Short descriptive text snippets:
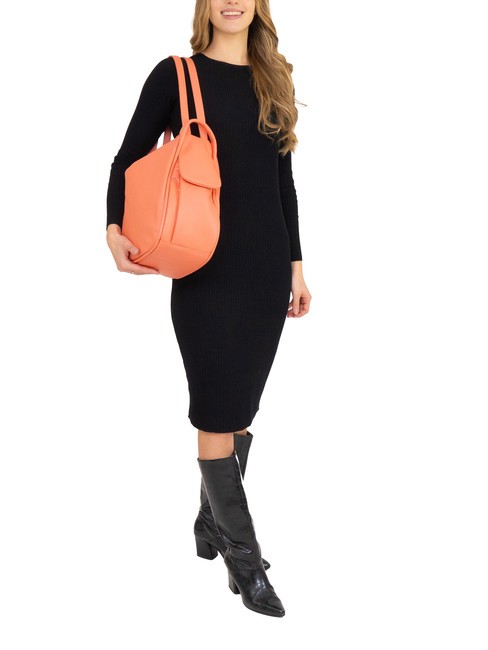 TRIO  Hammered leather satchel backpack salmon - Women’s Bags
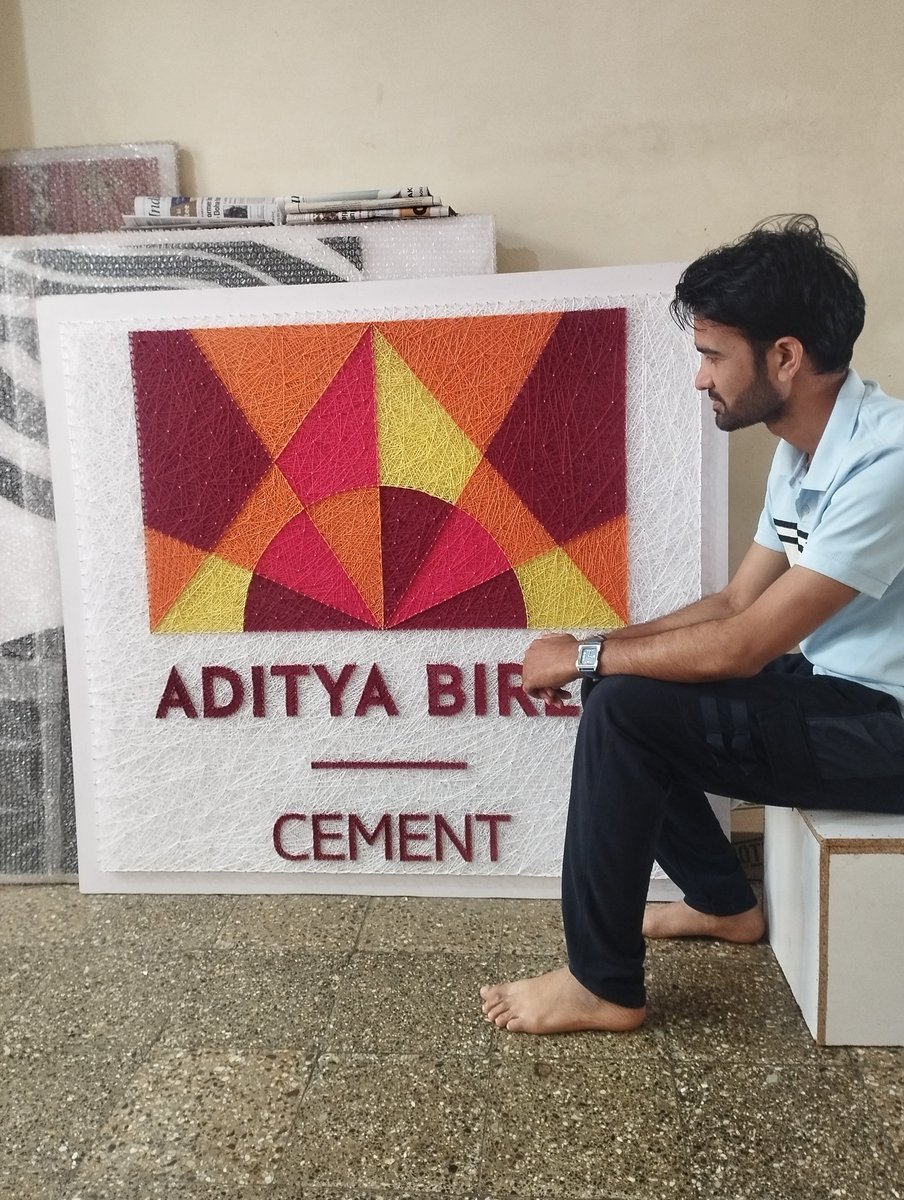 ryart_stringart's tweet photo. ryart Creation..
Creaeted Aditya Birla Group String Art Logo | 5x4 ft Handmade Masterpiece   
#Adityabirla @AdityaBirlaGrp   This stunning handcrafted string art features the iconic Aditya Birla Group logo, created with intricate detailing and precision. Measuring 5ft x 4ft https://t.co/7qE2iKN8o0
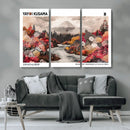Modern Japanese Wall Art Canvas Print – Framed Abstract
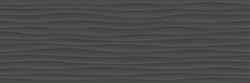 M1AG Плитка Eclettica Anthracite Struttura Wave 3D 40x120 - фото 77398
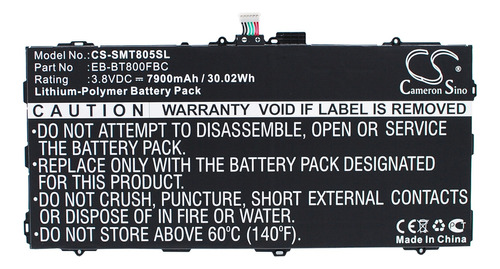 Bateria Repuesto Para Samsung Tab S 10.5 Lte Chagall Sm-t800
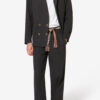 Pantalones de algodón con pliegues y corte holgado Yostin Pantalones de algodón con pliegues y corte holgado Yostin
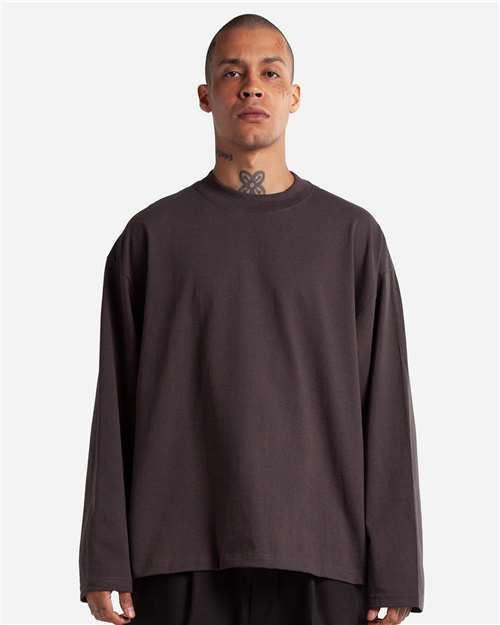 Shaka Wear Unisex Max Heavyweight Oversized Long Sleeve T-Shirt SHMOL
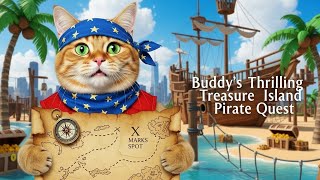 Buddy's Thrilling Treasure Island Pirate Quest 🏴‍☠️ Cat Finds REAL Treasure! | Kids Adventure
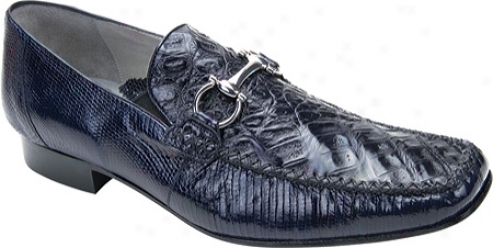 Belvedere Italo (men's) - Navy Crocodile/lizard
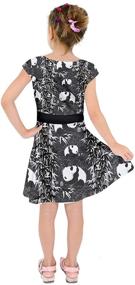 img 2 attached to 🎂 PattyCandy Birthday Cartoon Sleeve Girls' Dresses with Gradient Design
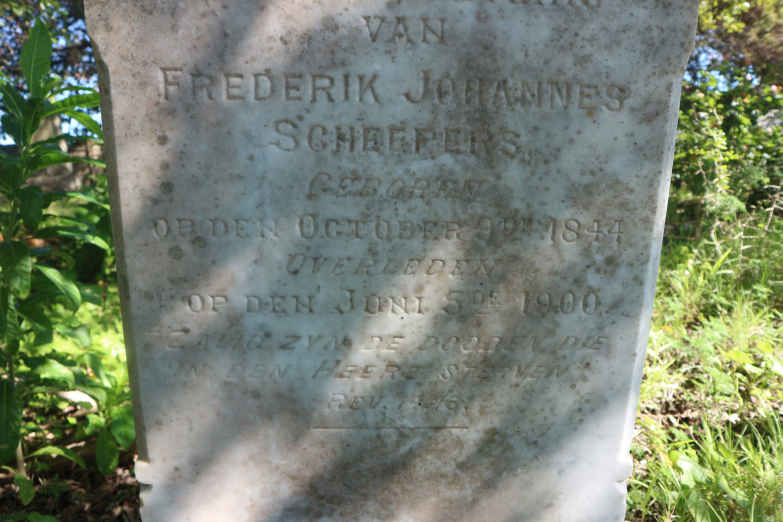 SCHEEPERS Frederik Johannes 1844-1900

● **Task to complete**: Without copying the pictures, transcribe the entries exactly.

● **Final answer**:
 TRIO  Hammered leather satchel backpack salmon - Women’s Bags
 ryart_stringart's tweet photo. ryart Creation..
Creaeted Aditya Birla Group String Art Logo | 5x4 ft Handmade Masterpiece   
#Adityabirla @AdityaBirlaGrp   This stunning handcrafted string art features the iconic Aditya Birla Group logo, created with intricate detailing and precision. Measuring 5ft x 4ft https://t.co/7qE2iKN8o0
Modern Japanese Wall Art Canvas Print – Framed Abstract
 M1AG Плитка Eclettica Anthracite Struttura Wave 3D 40x120 - фото 77398
 Bateria Repuesto Para Samsung Tab S 10.5 Lte Chagall Sm-t800
 Pantalones de algodón con pliegues y corte holgado Yostin Pantalones de algodón con pliegues y corte holgado Yostin
 Shaka Wear Unisex Max Heavyweight Oversized Long Sleeve T-Shirt SHMOL
 Buddy's Thrilling Treasure Island Pirate Quest 🏴‍☠️ Cat Finds REAL Treasure! | Kids Adventure
 Belvedere Italo (men's) - Navy Crocodile/lizard
 img 2 attached to 🎂 PattyCandy Birthday Cartoon Sleeve Girls' Dresses with Gradient Design
 SCHEEPERS Frederik Johannes 1844-1900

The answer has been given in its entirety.